Further development continued with the creation of postcards depicting the village and land purchases, including acquisitions by William A. Gehlhaus and the Keansburg Beach Company. The Keansburg Steamboat Company was founded in 1910 primarily by Gelhaus as a means of providing transportation for New Yorkers who were interested in buying homes in Keansburg. In 1893, Gelhaus purchased a bakery business in Atlantic Highlands which he operated with his brothers until 1905. At that time he entered the real estate business in Keansburg. He was president of the New Point Comfort Beach Company which he formed with Jesse Sculthorp and Howard Roberts. The company owned a large real estate development in Keansburg and in 1906 laid out the Beachway. On June 18, 1909, the New Point Comfort Beach Company bought the steamboat Accomack in Norfolk, Virginia, and started a scheduled run from New York to Keansburg on July 1 that was intended as a way to bring prospective property buyers to Keansburg. Another real estate developer, Keansburg Heights Development Co., bought several thousand tickets. By July 21, more than $1,500 worth of tickets had been sold at $0.35 each.[32] As the town became more populated, the Keansburg Beach Company sold off most of the surrounding land on Beachway Ave., keeping "just the boardwalk and amusement area." [33]
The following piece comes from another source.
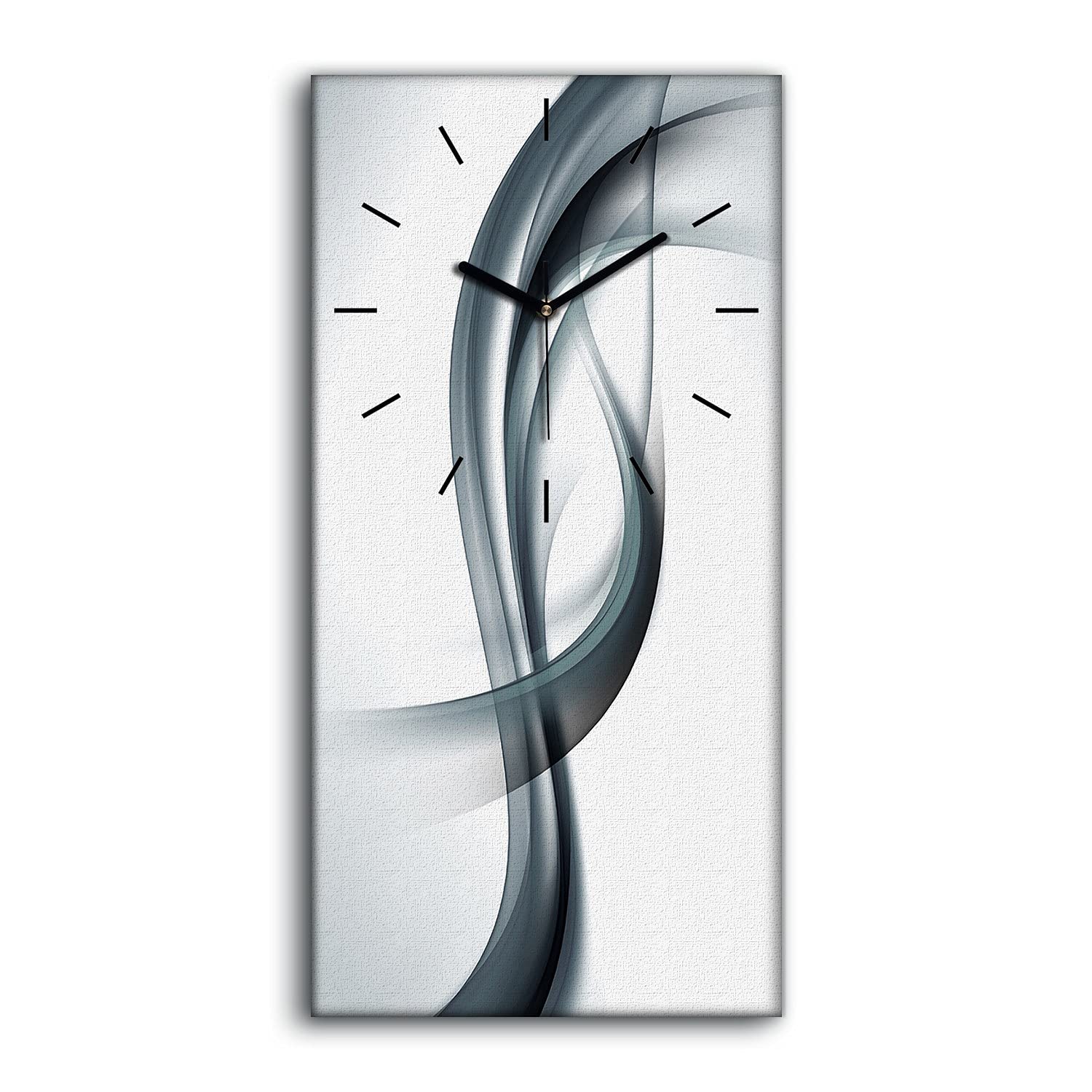 Horloge sur toile vagues d'art abstrait 30x60cm pour remplacer un mur vide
The boardwalk in Keansburg, New Jersey. The beach is on the opposite side

Until Hurricane Donna wiped out much of the waterfront area in 1960, tourists from New York City would ferry over and spend the weekend or summer vacation to escape the city heat.[34] In 1969, the borough spent $7.9 million on the Bayshore Hurricane Protection Plan, which had been developed with state and federal funding from The New Jersey Bureau of Navigation and the United States Army Corps of Engineers. The redevelopment plan increased the size of the beaches to protect against future storms.[35] A number of fires in the 1980s destroyed several structures on the North side of Beachway Avenue. The Dance Hall Auditorium, Keansburg Bowling Alley and the Casino Theater were destroyed by fire during this time.[36]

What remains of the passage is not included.